## Material provided
•••••
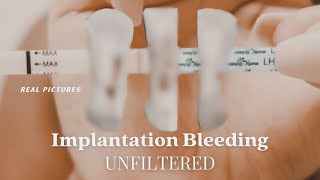 Understanding Implantation Bleeding [upl. by Elayor]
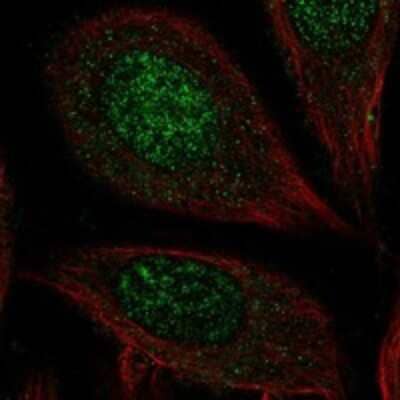 Immunocytochemistry/ Immunofluorescence Carbohydrate Sulfotransferase 7/CHST7 Antibody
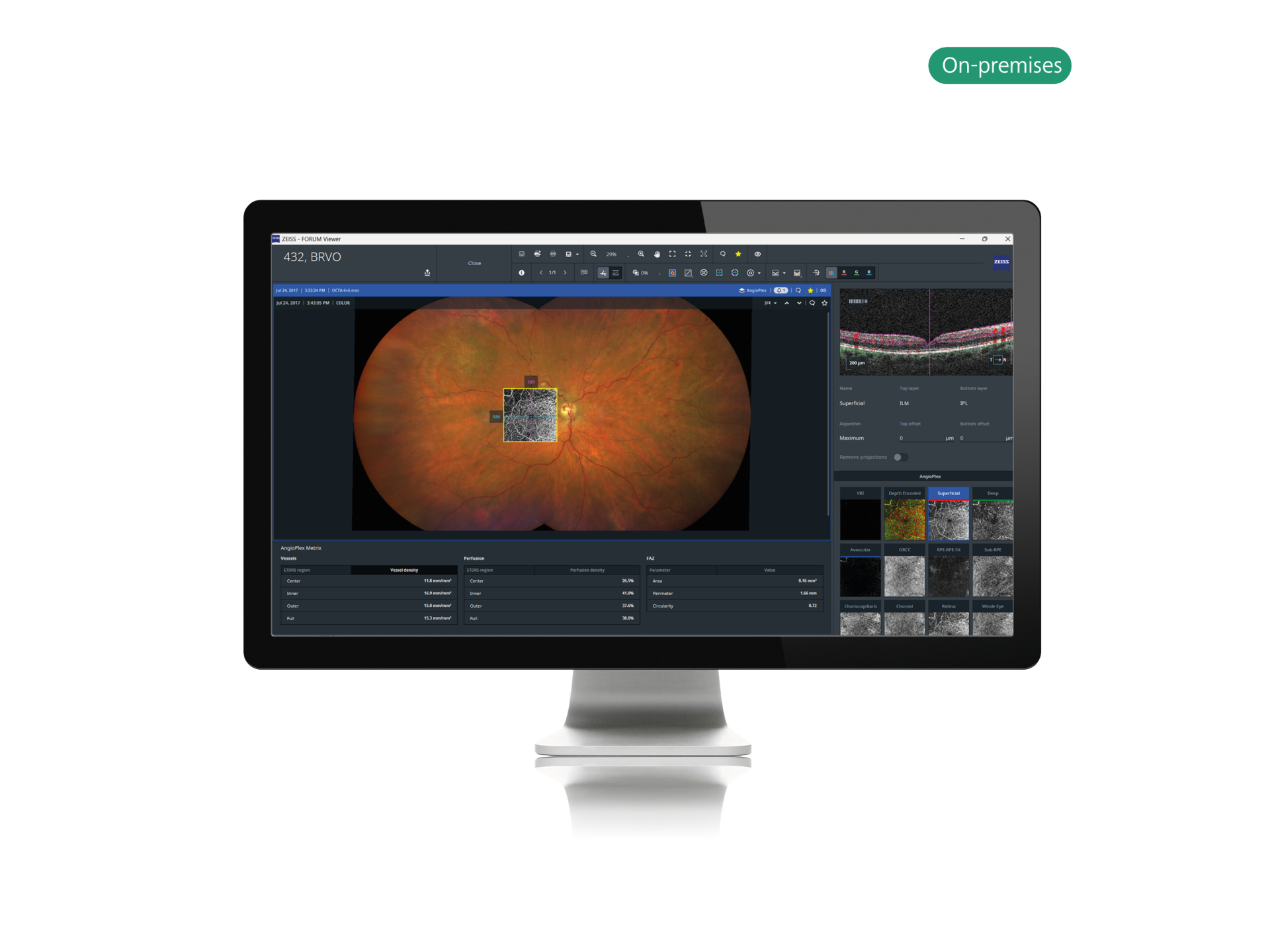 Retina Software ZEISS Research Data Platform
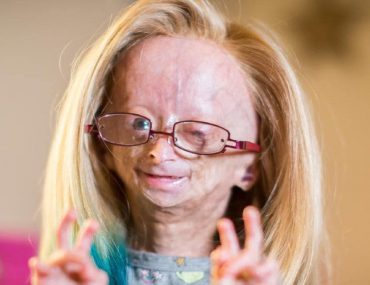 Did Adalia Rose die? Her Wiki: Age, Parents, Funeral, As a Baby, Net Worth, Family, Story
•••••
## Your task
Word for word, quote the lines above. Omit the pictures.

## Answer
 Understanding Implantation Bleeding [upl. by Elayor]
 Immunocytochemistry/ Immunofluorescence Carbohydrate Sulfotransferase 7/CHST7 Antibody
 Retina Software ZEISS Research Data Platform
 Did Adalia Rose die? Her Wiki: Age, Parents, Funeral, As a Baby, Net Worth, Family, Story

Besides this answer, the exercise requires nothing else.